*** Opening Supplied records ***

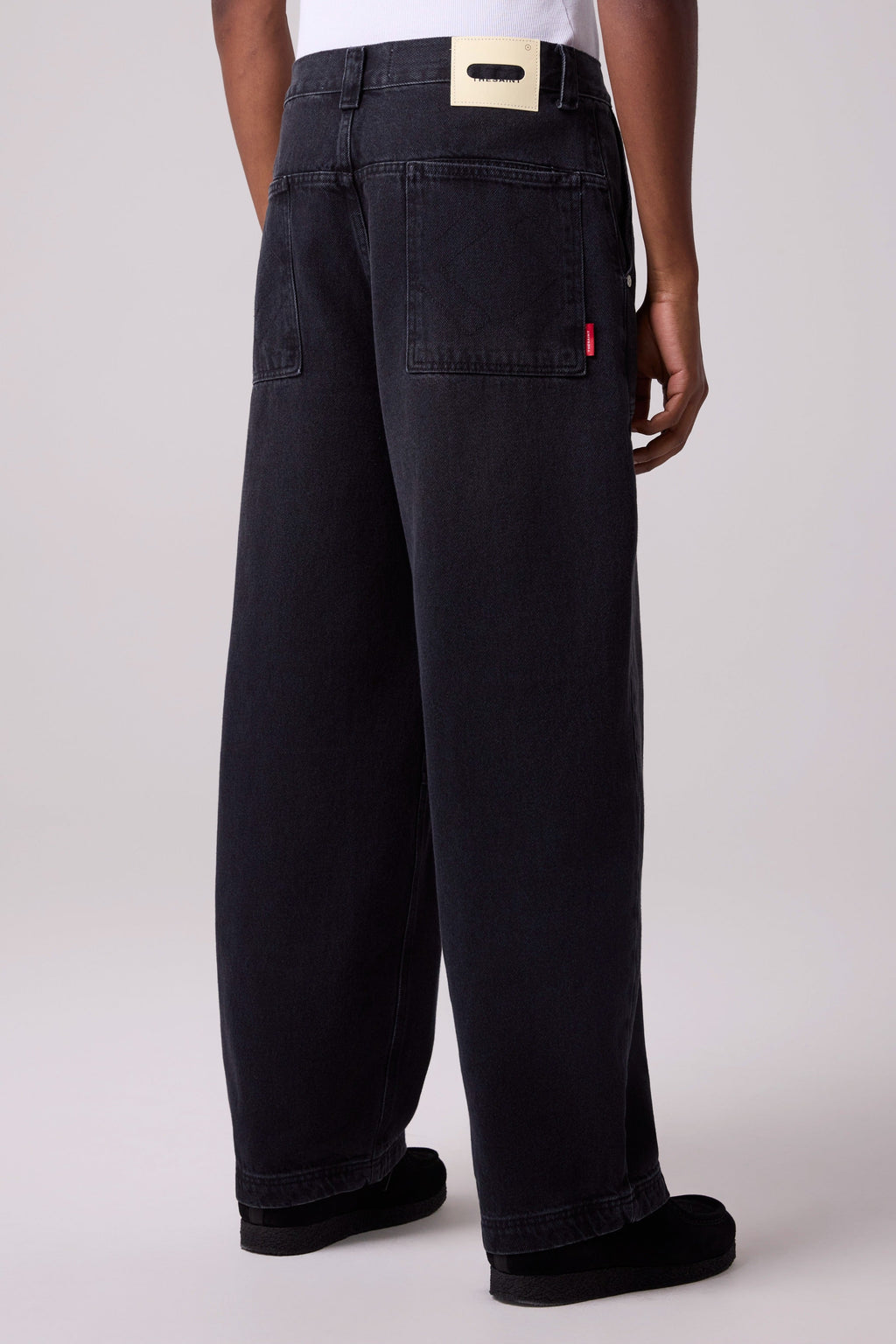 BAGGY DENIM PANTS CURVE LINE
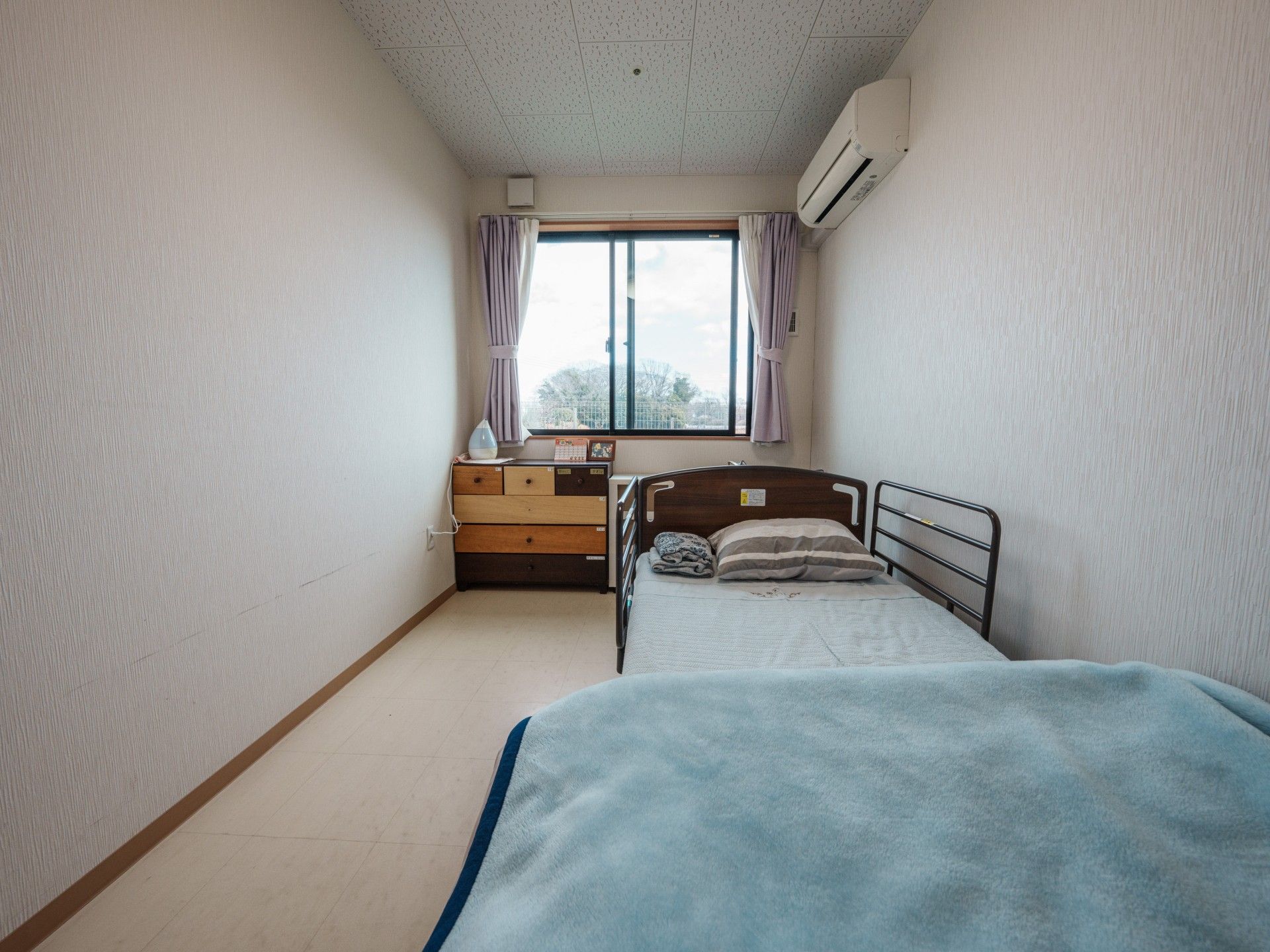 窓際のベッドと収納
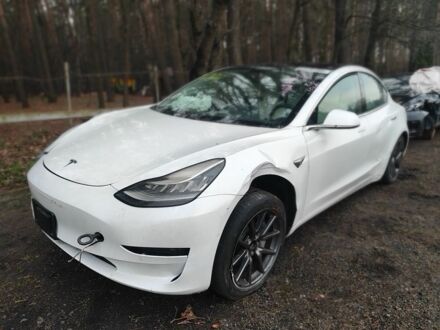 Белый Тесла Модель 3, объемом двигателя 0 л и пробегом 67 тыс. км за 9500 $, фото 1 на Automoto.ua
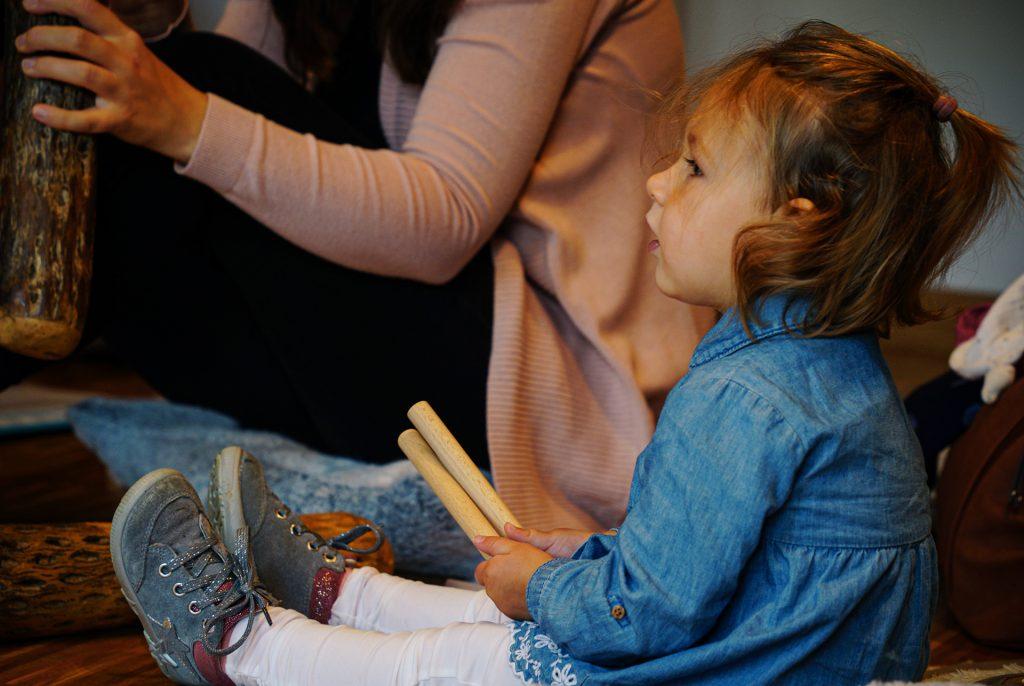 Kind hält Klanghölzer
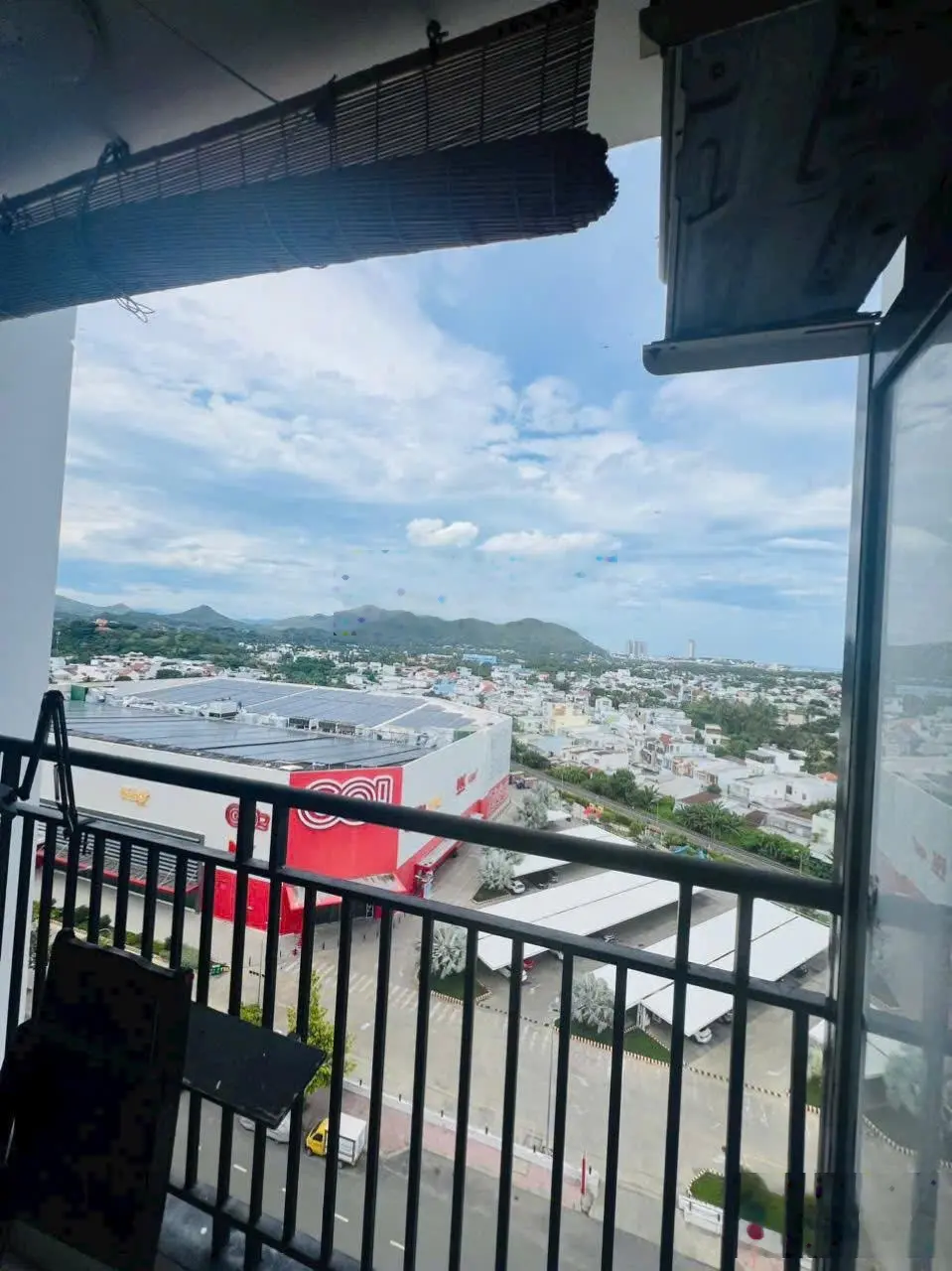 Bán căn hộ CT1 Vĩnh Điềm Trung - căn góc - view vòng xoay và siêu thị Go đẹp tuyệt vời - giá 1,5 tỷ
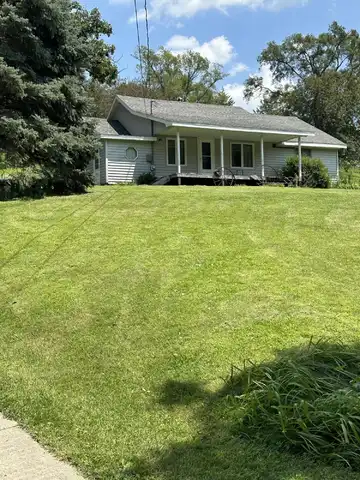 16974 LIME KILN Road, CRESCENT, IA 51526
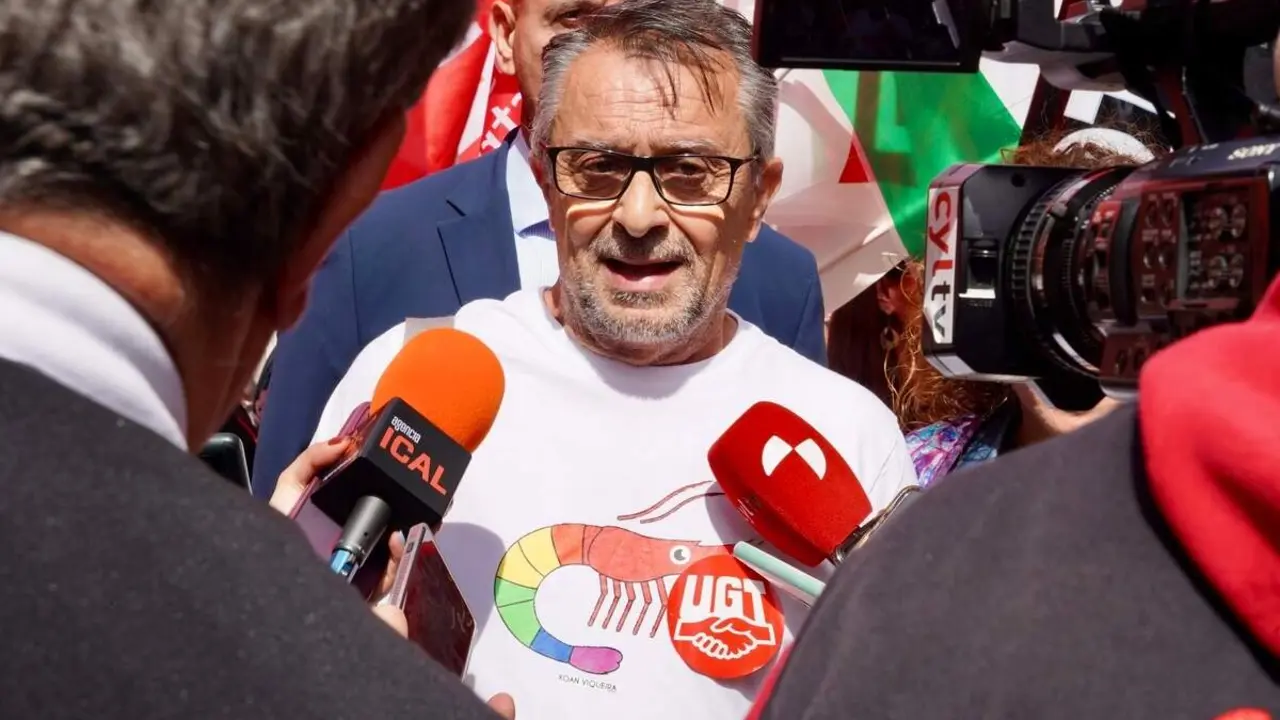 Enrique Reguero, durante una manifestaci&oacute;n por el centro de Le&oacute;n.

*** Closing Supplied records ***

Everything in the records must be transcribed exactly, except the pictures, which are left out.

**Exercise output:**
 BAGGY DENIM PANTS CURVE LINE
 窓際のベッドと収納
 Белый Тесла Модель 3, объемом двигателя 0 л и пробегом 67 тыс. км за 9500 $, фото 1 на Automoto.ua
 Kind hält Klanghölzer
 Bán căn hộ CT1 Vĩnh Điềm Trung - căn góc - view vòng xoay và siêu thị Go đẹp tuyệt vời - giá 1,5 tỷ
 16974 LIME KILN Road, CRESCENT, IA 51526
 Enrique Reguero, durante una manifestaci&oacute;n por el centro de Le&oacute;n.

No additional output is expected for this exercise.